When Music works with the figure, the result is often as much general as particular, a portrait of humankind as much as an image that captures the likeness of a particular man or woman. We recognise this to be true in this Self-Portrait of 1990. Although the face and the features are fairly well defined (there is no doubting the texture of that grizzled beard), there is also, we feel, a drawing back, and even a turning away from, too scrupulous a definition of any particular individual. It is both a particular portrait of himself and an essentialised portrait of the burden of what he represents to himself, and in so doing it pares portraiture back to the bone. The head has some depth and perspective, fullness, roundedness, but the rest of the image does not – quite deliberately so. The head is surrounded by a black void of unknowing. It is also lit from the right by a kind of unearthly silvery sheen, as if the head, that lonely object, long incarcerated, has, all of a sudden, been startled into a reminder of its own existence by a flood of unearthly light. That head seems to be afloat against nothing, and even be to be a ghostly reminder of the one borne by Salomé on a platter. There is no context of any kind. Why does this head looks so massive and so heavy? Everything that it remembers is bearing down upon it from all sides. By contrast, the torso and the arm are rendered extremely crudely, thinly, flatly, as if Music has quickly become impatient with the idea of modelling in the round. All this thin rendering makes the modelled head look, by contrast, a touch preposterous, as if it is claiming too much humanity for itself by being so fully and monumentally shaped. The fact is, perhaps, that it doesn't quite deserve such care – this is surely the point that the painter is making. It deserves to be treated, like torso and arm, with a sense of hurry and disrespect – so much sketchy dross to be tossed into the pit. The truth of that arm, which seems to rise up below the head like the mechanised arm of a crane, is in its scratchy, provisional, almost spidery meagreness. If anything, it seems to menace and threaten the head, to be at odds with all that monumental stillness.

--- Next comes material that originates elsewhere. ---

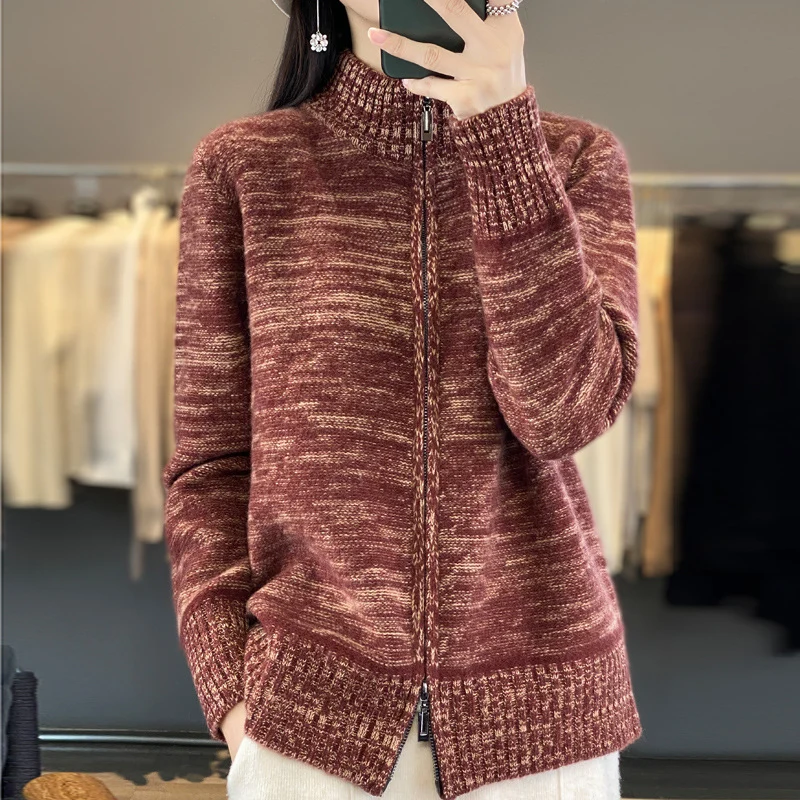 Damen Reißverschluss‑Strickjacke mit melierter Struktur und Stehkragen Nord Taschen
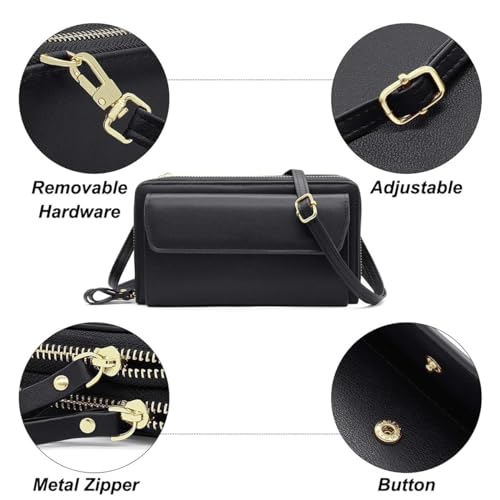 Image of Women Leather Wallet Crossbody Shoulder Bag with Double Zipper and Mobile Phone Purse with Shoulder Strap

We could not readily recognise the tradition from which this painting has emerged. Nor the year when it was painted. Can this really have been made in 1990? It feels years distant from any notion of modernity. It is attached to no particular time and no particular place. It looks a little like an ancient icon, somewhat Byzantine in feeling.

A little like a Velasquez, too. We feel that the painter does not really want it to look timely. After all, human suffering is timeless.

ABOUT THE ARTIST

The Slovenian painter Zoran Music (1909-2005) was interned towards the end of the Second World War by the gestapo after showing, in the opinion of his captors, an unusual degree of sympathy for the activities of the Italian Resistance. His work changed fundamentally in the 1970s, when it became increasingly haunted by images of the dead and the dying from those terrible years.